TiNivo-2 enrolled pts with advanced clear-cell RCC who had 1–2 prior lines of therapy, including an ICI. Pts were randomized to receive tivozanib (0.89 mg) plus nivolumab or tivozanib alone (1.34 mg). The primary endpoint was PFS by independent radiology review (IRR); the key secondary endpoint was OS, other secondary endpoints included investigator-assessed PFS, ORR, DoR, and safety/tolerability. A sample size of 343 pts with 220 events provided ≥80% power to detect a 50% improvement in PFS, 12 m vs 8 m, assessed by IRR.

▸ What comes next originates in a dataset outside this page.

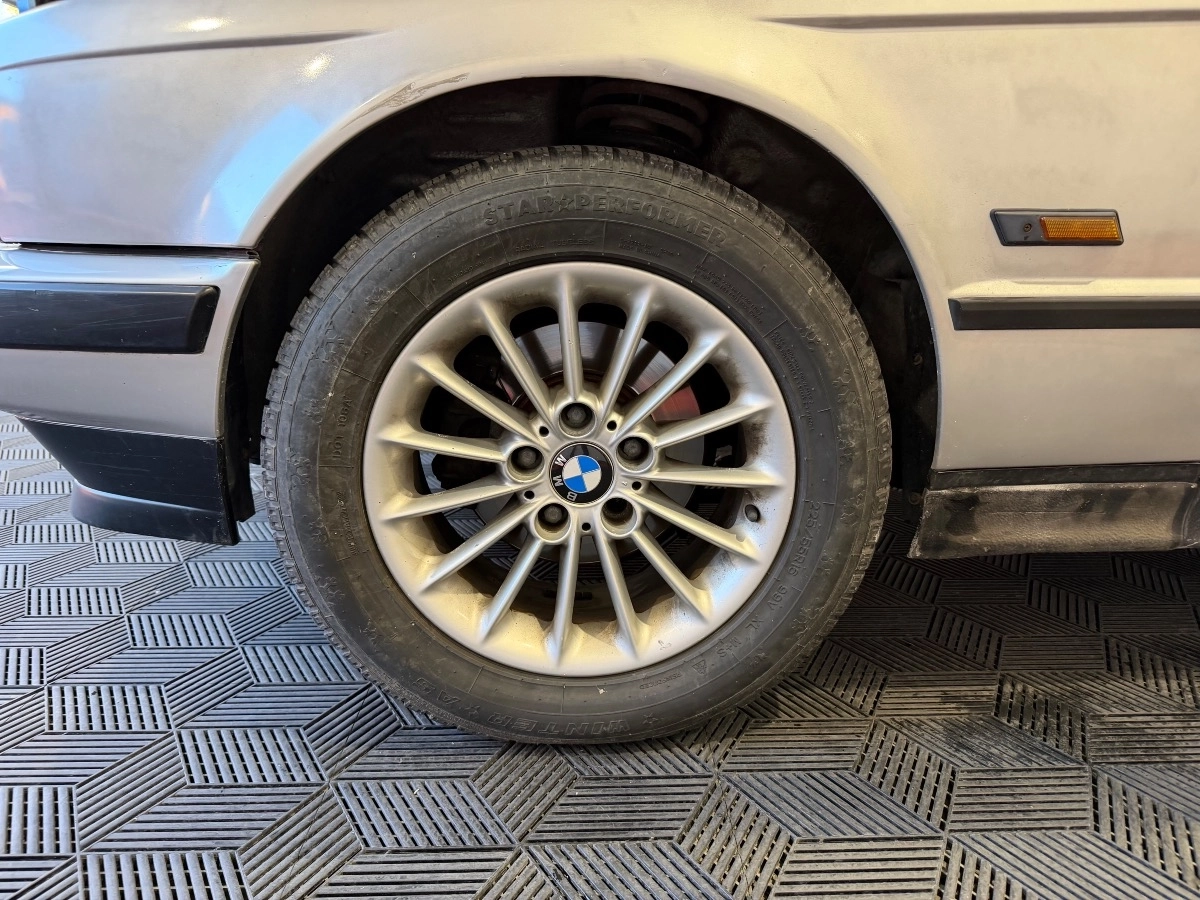 Bmw Serie 5 - photo 11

343 pts were randomized to tivozanib–nivolumab (n=171) or tivozanib (n=172). Baseline characteristics were well balanced. With a median IRR-assessed PFS of 5.7 m for tivozanib–nivolumab and 7.4 m for tivozanib (HR 1.10 [95% CI 0.82. 1.43]), the study did not meet its primary endpoint. Among those with ICI as immediate prior therapy (n=244), mPFS was 7.4 m (95% CI, 5·55-9·56) with tivozanib–nivolumab and 9.2 m (95% CI, 7·43-9·99) with tivozanib. Data for subgroups and OS and ORR are in the table. 205 (60%) pts experienced a grade 3 or higher AE, the most common was hypertension (22% both arms; others <5%). AEs leading to death occurred in 7 (4.2%) pts with tivozanib–nivolumab and 5 (2.9%) with tivozanib; 1 (tivozanib arm) was deemed treatment related.
| Tivozanib–Nivolumab n=171 | Tivozanib N=172 | |
| Median PFS ITT, mo (95% CI) | 5.7 (4.04, 7.43) | 7.4 (5.55, 9.23) |
| Median PFS ICI as most recent therapy, mo (95% CI) | 7.4 (5.55, 9.56) | 9.2 (7.43, 9.99) |
| Median PFS non-ICI as most recent therapy, mo (95% CI) | 3.7 (2.73, 5.42) | 3.7 (1.94, 7.16) |
| Median PFS study treatment 2nd line, mo (95% CI) | 7.3 (5.42, 9.33) | 9.2 (7.43, 9.99) |
| Median PFS study treatment 3rd line, mo (95% CI) | 4.8 (3.15, 7.49) | 5.5 (2.89, 7.36) |
| Median OS, mo (95% CI) | 17.7 (9.63, NR) | 22.1 (15.24, NR) |
| Best ORR (95% CI) | 19.3% (13.7-26.0) | 19.8% (14.1-26.5) |
Table: LBA73 Open table in a new tab
ICI combination rechallenge did not improve clinical outcomes, suggesting the avoidance of sequential ICI in advanced RCC outside of clinical trials. These results support tivozanib monotherapy at 1.34 mg daily as 2nd-line therapy for pts following progression on previous ICI combination therapy.